What powers does the Act give to health professionals?
An action or intervention will be lawful – ie health professionals will enjoy protection from liability – where the decision maker has a reasonable belief both that the individual lacks capacity to consent to what is proposed, and that the action or decision is in his or her best interests. (See card 5 on how to assess someone’s best interests).
It applies to anyone making a decision on behalf of another, irrespective of whether they have a professional relationship with the incapacitated individual. It could include, for example, taking an incapacitated stranger by the arm to assist them cross a road. In relation to medical treatment, it is applicable not only to an episode of treatment itself, but also to those necessary ancillary procedures such as conveying a person to hospital.
How far do these powers extend?
There are limits to these powers. A valid advance decision, and a valid decision by an attorney or a court appointed deputy, would take precedence.
The Act also sets limits to the extent to which the freedom of movement of an incapacitated person can be restricted. An incapacitated person can only be restrained where there is a reasonable belief that it is necessary to prevent harm to the incapacitated person. Any restraint must be proportionate to the risk and of the minimum level necessary to protect the incapacitated person. (For more information about restraint, see card 7).
The onus is on the person wishing to act to justify as objectively as possible his or her belief that the person being cared for is likely to be harmed unless some sort of physical intervention or other restraining action is taken. Although reasonable use of restraint may be lawful, the Act makes it clear that it will never be lawful to deprive a person of his or her liberty within the meaning of Article 5(1) of the European Convention on Human Rights without appropriate authorisation. (See cards 7 and 8 for more information on deprivation of liberty).
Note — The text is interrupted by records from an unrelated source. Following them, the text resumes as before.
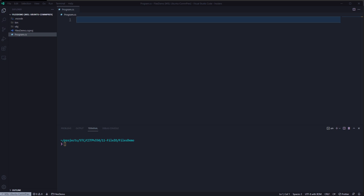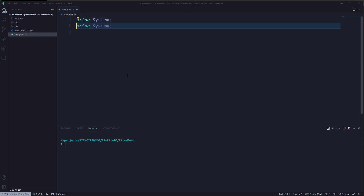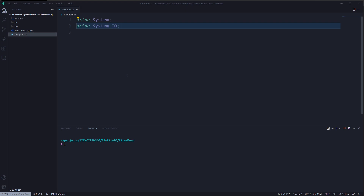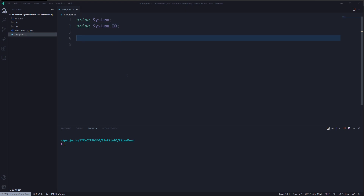Hello everybody. In this video we're going to start looking at the input/output elements of C#, so we should be able to read directories, create directories, create files, write in files, read files, things like that. That's actually really cool. As you can see, I have an empty console application. I'm inside my Program.cs file in my File IO directory. I'll call this project FileDemo. The first thing we need to do is use System.IO — that's the namespace that gives us all the files and directories functionality we'll need during this project.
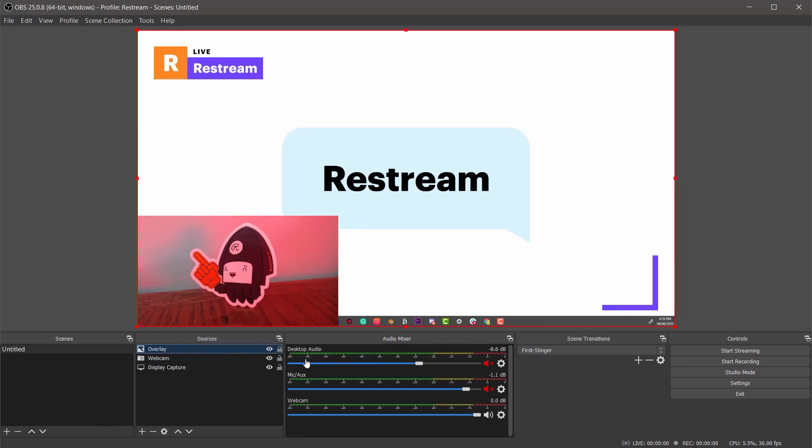Now that OBS is set up and ready to stream let's go ahead and set up our social platforms. For this guide we'll use Restream, a powerful tool that enables OBS to stream to multiple social platforms at once without increasing the strain on your network or system.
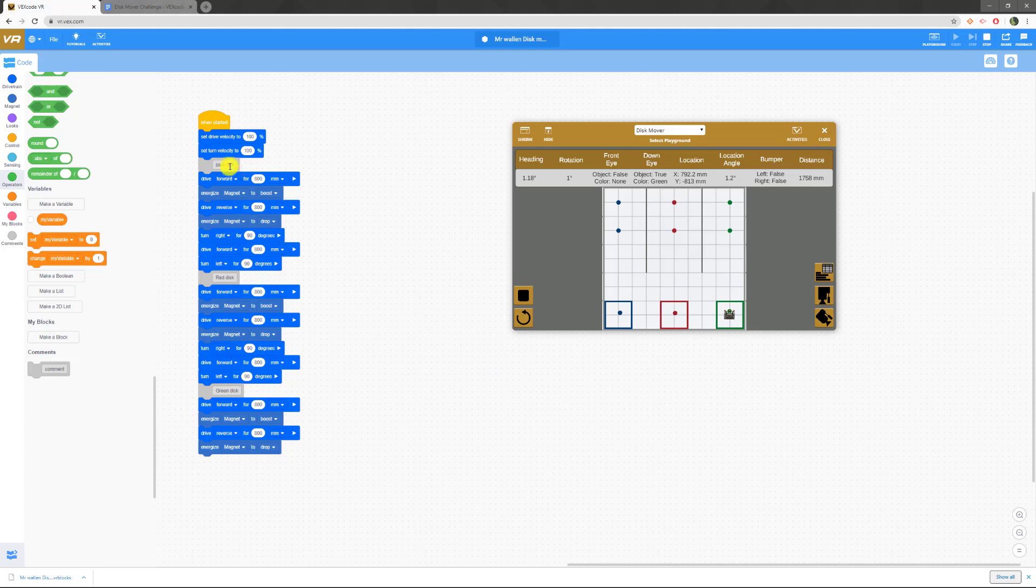But something I would do in there is instead of just naming this blue disk, I might name it blue to blue. That way, if at the end you find yourself missing a disk or something's gone wrong, it's easier to look and say, okay, well right here, blue was supposed to end up in blue. So what went wrong here? If you kind of just add simple comments like that that say, hey, this next chunk of code, that's what's supposed to be happening, it's going to be helpful.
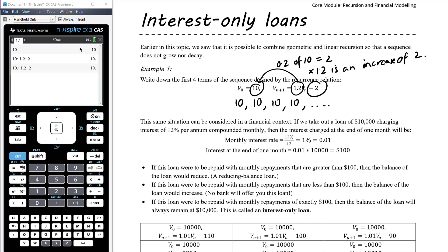If the loan were repaid with monthly repayments less than $100, the repayment wouldn't cover the cost of the interest and so the value of the loan would start to increase. No bank is going to offer you this loan — a loan where the balance continues to go up is not something we look at with loans. This is never going to happen.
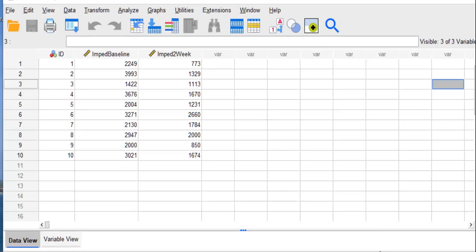Hi, I'm Daisha Cypher and I'm going to demonstrate how to compute a paired samples t-test using SPSS.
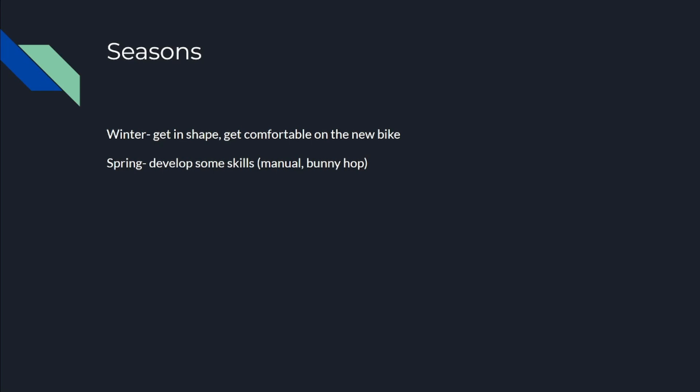Then in the spring, develop some skills. I know this is a long shot, but I'd like to learn how to manual, bunny hop, do all these things that will help me get over obstacles and make riding a lot more fun.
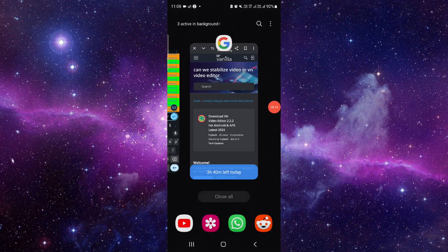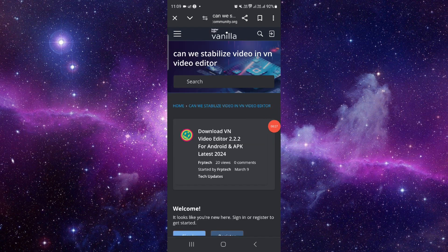First you have to open your VN editor and then here you have to import the video. After importing the video, follow these easy steps. Just go and download your VN editor from here.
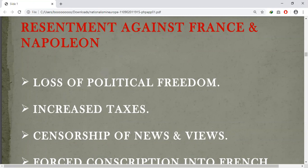The new administration brought increased taxation, censorship, and forced recruitment to armies. These things outweighed the advantages of the reforms. So, Napoleonic administrative reforms did not gain much popularity outside of France.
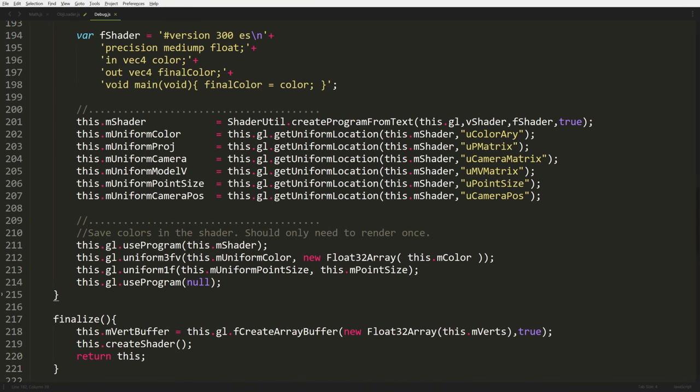Scrolling down we have our fragment shader at the top, then we have all our uniforms - grabbing them the old way, going back to the bare bones of GL and pulling out all the information. By line 212, that's where we start pushing our color array in. Then we have our finalize function. After we push in all the data and set up all our colors, it creates the final buffer and pushes all the data to the GPU, then creates our shader. This is kind of a one-time use debugger for now.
When is court approval required?
Before the Act came into force, the courts had decided that some decisions were so serious that each case should be taken to court so that a declaration of lawfulness could be made. Under the Act, the following cases should continue to go before the court:
- proposals to withdraw or withhold artificial nutrition and hydration from patients in a persistent vegetative state or a minimally-conscious state
- cases involving organ or bone marrow donation by a person lacking the capacity to consent
- proposals for non-therapeutic sterilization – some termination of pregnancy cases
- cases where there is a doubt or dispute that cannot be resolved locally about whether a particular treatment will be in a person’s best interests. (Case law has emphasized that the Act must not be used to suppress legitimate disagreements about an individual’s best interests).
- cases involving ethical dilemmas in untested areas.